Location
- Lincoln County, Oregon United States
- Coordinates: 44°37′57″N 124°03′27″W﻿ / ﻿44.63250°N 124.05749°W

District information
- Type: Public
- Motto: "Quality Learning for All."
- Grades: K-12
- Established: 1923
- Superintendent: Dr. Majalise Tolan
- Asst. superintendent(s): Sara Johnson
- Schools: 16 total 12 regular schools 4 public charter schools
- Budget: $58,504,000
- NCES District ID: 4107500

Students and staff
- Students: 5,187
- Teachers: 239.18
- Staff: 502.80
- Student–teacher ratio: 21.69
- Athletic conference: Oregon School Activities Association

Other information
- Total Population Under 18: 9,547
- Guiding philosophy: "Continuous Improvement"
- Mission: "To develop passionate learners and responsible citizens."
- Schedule: lincoln.k12.or.us/Page.asp?NavID=3306
- Website: lincoln.k12.or.us

= Lincoln County School District (Oregon) =

Public school district in Oregon, United States

The Lincoln County School District is a public school district in the U.S. state of Oregon. The district serves the communities of Yachats, Waldport, Eddyville, Newport, Siletz, Lincoln City and Toledo.
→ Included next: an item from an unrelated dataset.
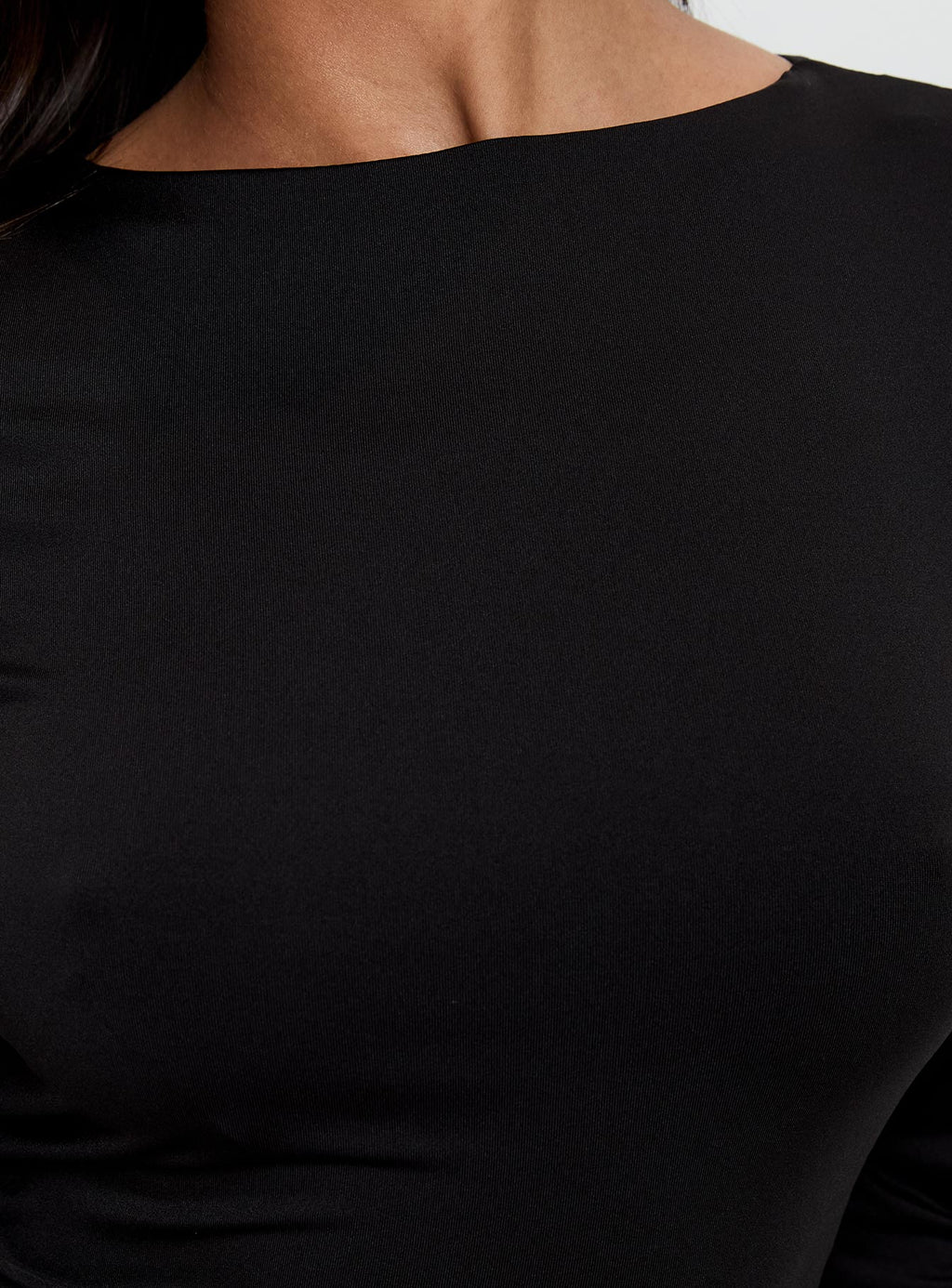 Lifes Good Long Sleeve Backless Top Black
The district spans roughly 55 miles of the central Oregon Coast from Cascade Head south to Cape Perpetua, and encompasses about 1,000 square miles.

==Demographics==
Over half of the students in the district qualify for free or reduced lunch.

In the 2009 school year, the district had 484 students classified as homeless by the Department of Education, which was 9.0% of students in the district.

== Governance ==
Lincoln County School District elects five Board of Education members to do a variety of district operations such as appointing a superintendent to run day-to-day operations in the school district. The current board members are Peter Vince (Chair), Mitch Parsons, Natalie Schaefer, Jason Malloy, and Dave Cowden. The current superintendent is Majalise Tolan.

==High schools==
- Lincoln City Career Technical High School (Lincoln City)
- Newport High School (Newport)
- Taft High School (Lincoln City)
- Toledo High School (Toledo)
- Waldport High School (Waldport)

==Middle/junior high schools==
- Crestview Heights School (Waldport) (K-8)
- Isaac Newton Magnet School (shares campus with Newport Intermediate School)
- Newport Preparatory Academy (shares campus with Newport High School)
- Taft Middle School (shares campus with Taft High School)
- Toledo Junior High School (shares campus with Toledo High School)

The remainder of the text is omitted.